The task:
Beginning with the line that contains "Shower Head vidaXL" in the material below, print each line exactly until the line that contains "Table de conférence" has been printed, then stop.

Data in this exercise:
....................

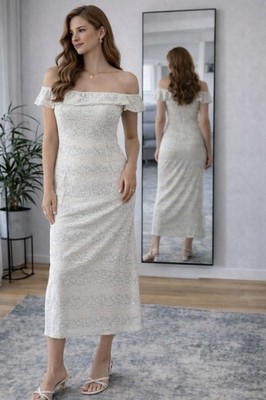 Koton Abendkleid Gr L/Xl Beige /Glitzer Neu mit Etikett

....................

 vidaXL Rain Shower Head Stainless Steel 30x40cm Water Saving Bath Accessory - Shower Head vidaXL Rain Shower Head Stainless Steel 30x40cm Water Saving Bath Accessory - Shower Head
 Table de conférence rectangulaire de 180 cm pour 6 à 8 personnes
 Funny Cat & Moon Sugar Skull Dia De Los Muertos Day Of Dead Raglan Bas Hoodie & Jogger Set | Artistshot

....................

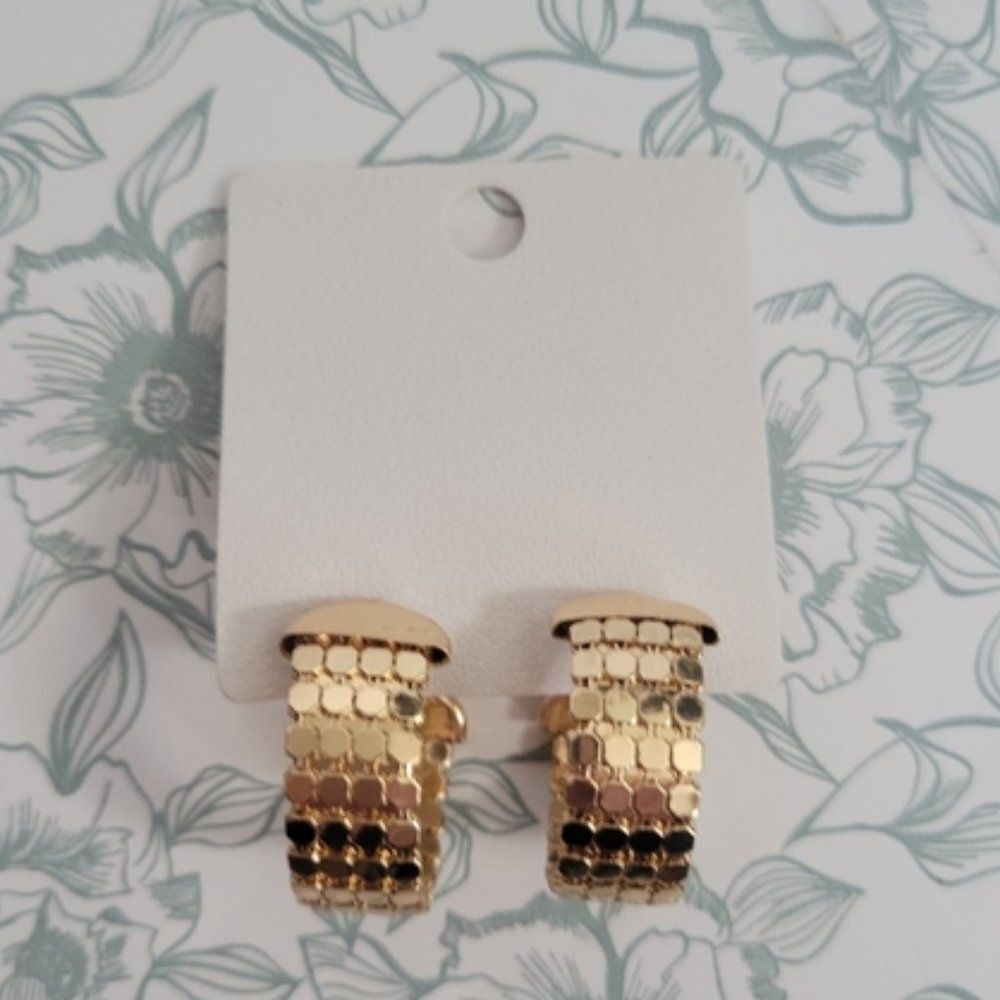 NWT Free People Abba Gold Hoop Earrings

....................

Solution to the problem:
 vidaXL Rain Shower Head Stainless Steel 30x40cm Water Saving Bath Accessory - Shower Head vidaXL Rain Shower Head Stainless Steel 30x40cm Water Saving Bath Accessory - Shower Head
 Table de conférence rectangulaire de 180 cm pour 6 à 8 personnes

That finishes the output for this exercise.